FWIW : ceph health is :

root@srvr-ceph-01:~# ceph health detail
HEALTH_WARN 1 failed cephadm daemon(s); 1/3 mons down, quorum 
srvr-ceph-03,srvr-ceph-02; 10 daemons have recently crashed
[WRN] CEPHADM_FAILED_DAEMON: 1 failed cephadm daemon(s)
    daemon mon.srvr-ceph-01 on srvr-ceph-01 is in error state
[WRN] MON_DOWN: 1/3 mons down, quorum srvr-ceph-03,srvr-ceph-02
    mon.srvr-ceph-01 (rank 0) addr 
[v2:10.32.100.22:3300/0,v1:10.32.100.22:6789/0] is down (out of quorum)
[WRN] RECENT_CRASH: 10 daemons have recently crashed
    mon.srvr-ceph-01 crashed on host srvr-ceph-01 at 2025-07-20T17:50:10.202091Z
    mon.srvr-ceph-01 crashed on host srvr-ceph-01 at 2025-07-20T17:49:47.712267Z
    mon.srvr-ceph-01 crashed on host srvr-ceph-01 at 2025-07-20T17:50:21.464475Z
    mon.srvr-ceph-01 crashed on host srvr-ceph-01 at 2025-07-20T17:49:36.609442Z
    mon.srvr-ceph-01 crashed on host srvr-ceph-01 at 2025-07-20T17:49:58.966663Z
    mon.srvr-ceph-01 crashed on host srvr-ceph-01 at 2025-07-20T17:51:36.947240Z
    mon.srvr-ceph-01 crashed on host srvr-ceph-01 at 2025-07-20T17:52:21.751711Z
    mon.srvr-ceph-01 crashed on host srvr-ceph-01 at 2025-07-20T17:51:48.490875Z
    mon.srvr-ceph-01 crashed on host srvr-ceph-01 at 2025-07-20T17:51:59.651129Z
    mon.srvr-ceph-01 crashed on host srvr-ceph-01 at 2025-07-20T17:52:10.552756Z

S. Barthes
Le 21/07/2025 à 09:31, Michel Jouvin a écrit :
Stephane,

If you are using cephadm, the OS (distrib and version) you use should not 
matter. When using cephadm with several servers (the general case!), it is 
important to setup properly the SSH key used by cephadm for the communication 
between nodes (cephadm is sort of a SSH-based management cluster) and to check 
that you can log in from one node to the other using SSH. Can you confirm that 
it is the case?

Also cephadm has a specific log file. I don't use much the dashboard, not sure 
how you display it (it may be part of the logs displayed by the dashboard) but 
you can access it with the command:

ceph log last debug cephadm

Michel

Le 21/07/2025 à 09:19, Stéphane Barthes a écrit :

Hi,

Yes, I did use cephadm, to bootstrap the 1st node in the cluster, installed 
cephadm on the other nodes, and used the dashboard to add the nodes to the 
cluster.


Regards,

S. Barthes

Le 21/07/2025 à 09:12, Michel Jouvin a écrit :
Hi Stephane,

How did you configure your cluster? Have you been using cephadm? If not, I 
really advise you to recreate your cluster with cephadm, that includes a script 
to bootstrap the cluster. In particular if you don't have a detail knowledge 
about Ceph architecture and management, it will ensure that your cluster is 
properly configured and let you progressively learn about Ceph details...

Best regards.

Michel

Le 21/07/2025 à 09:02, Stéphane Barthes a écrit :

Hello,


I am very new to ceph and have started a small cluster to get started with ceph.

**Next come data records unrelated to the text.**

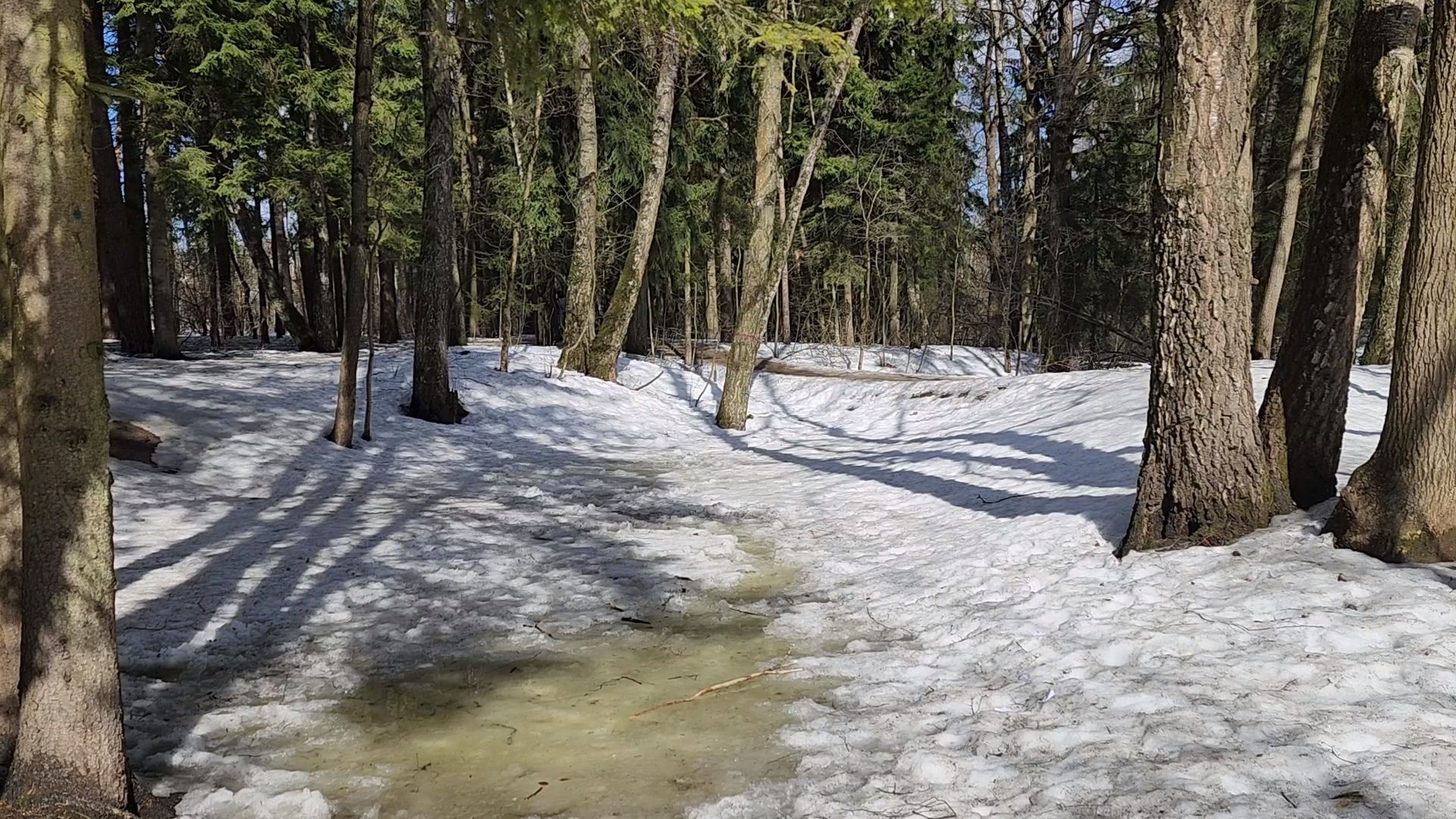 одинцово, трхгорка, паводок,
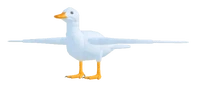 DuckAdultPEKINMALLARD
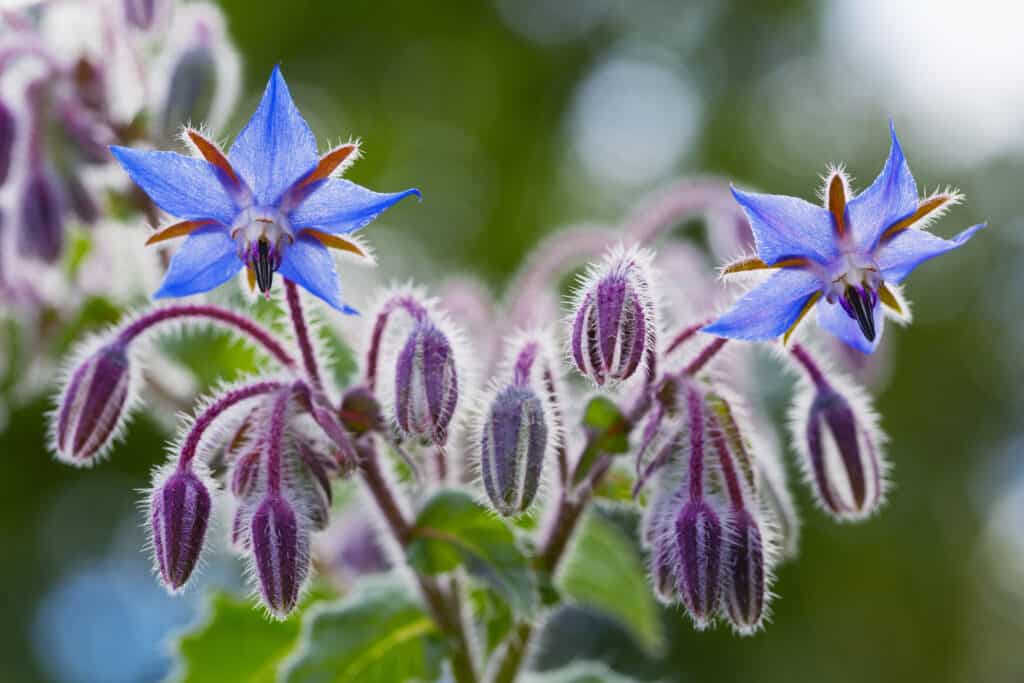 blue borage flowers close up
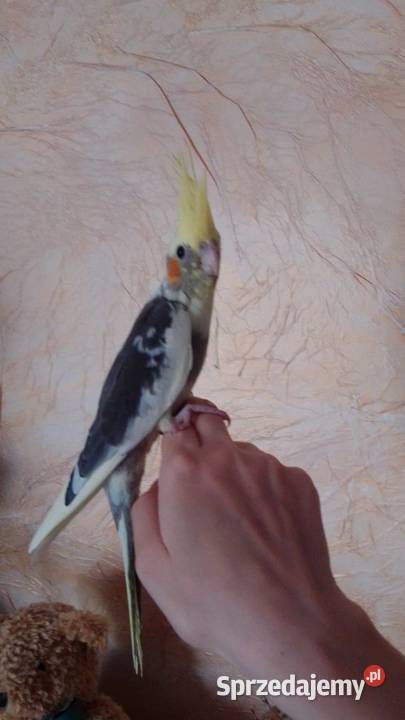 Papuga nimfa Kraków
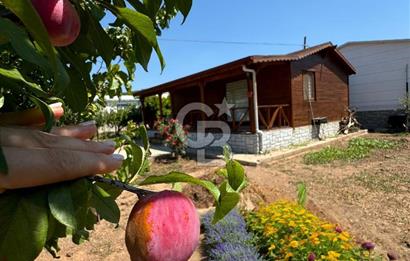 Seferihisar Kavakdere'de Yaşam Bahçesi ve Ahşap Ev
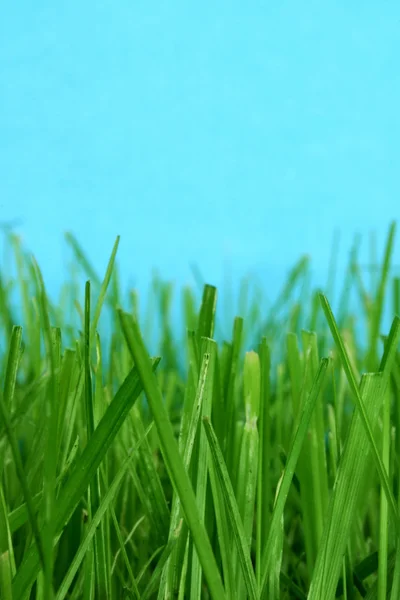 잔디 매크로 — 스톡 사진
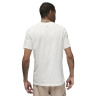 Футболка Jordan M SPRT SS DF GFX CREW FN5974-100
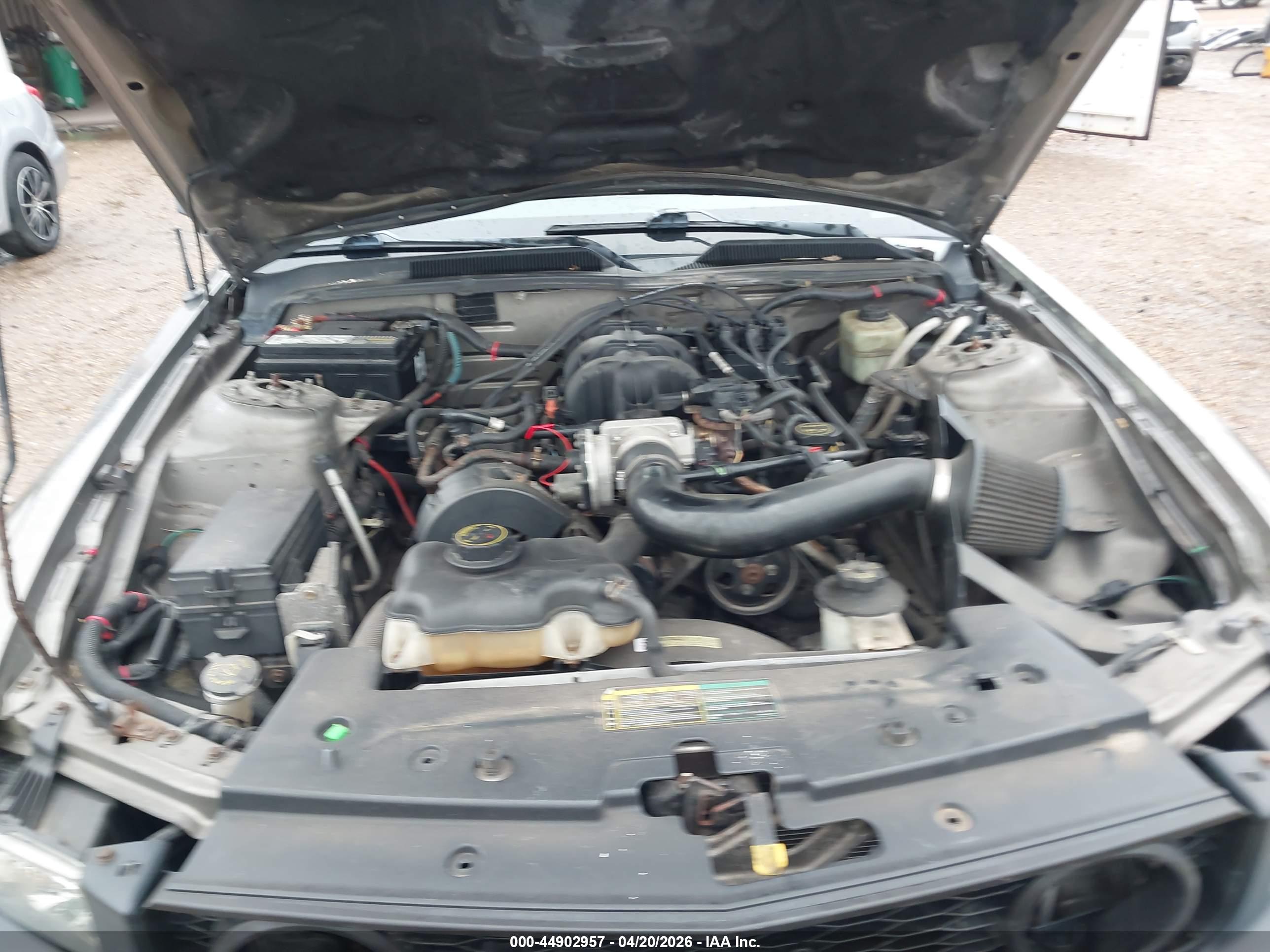 FORD MUSTANG image 10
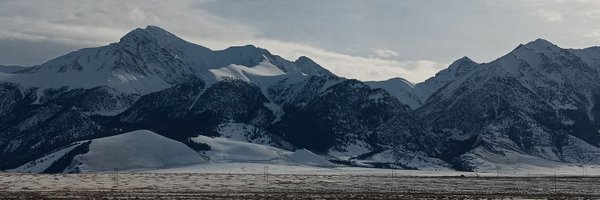 SoftwarmLLC Profile Banner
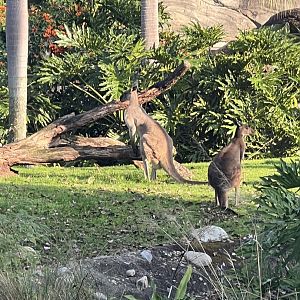 Western Gray Kangaroos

But so far my experience, is not very impressive, probably by lack of knowledge 
and good practices.


I started with Ubuntu 24, installed 3 VM for a ceph cluster, and some how could 
not get it running. Adding nodes would fail adding OSDs with some weird error(I 
found it on the web but could not solve the problem).

I then made a new cluster with 3 ubuntu 22 VM. Install ok, start ok, I created 
1 pool to test storing stuff there and work my way across crash testing. 
However the cluster dies during the weekly vm snapshot. It may not a good idea 
to run vm backups on a ceph host, but I find this a little surprising. (crash 
testing started earlier than expected)

Bottom line is that, after the backup the cluster is in warning state with 
missing mons, or logrotate and sometimes crashed machines. systemctl restart 
service or Rebooting node usually fixes it.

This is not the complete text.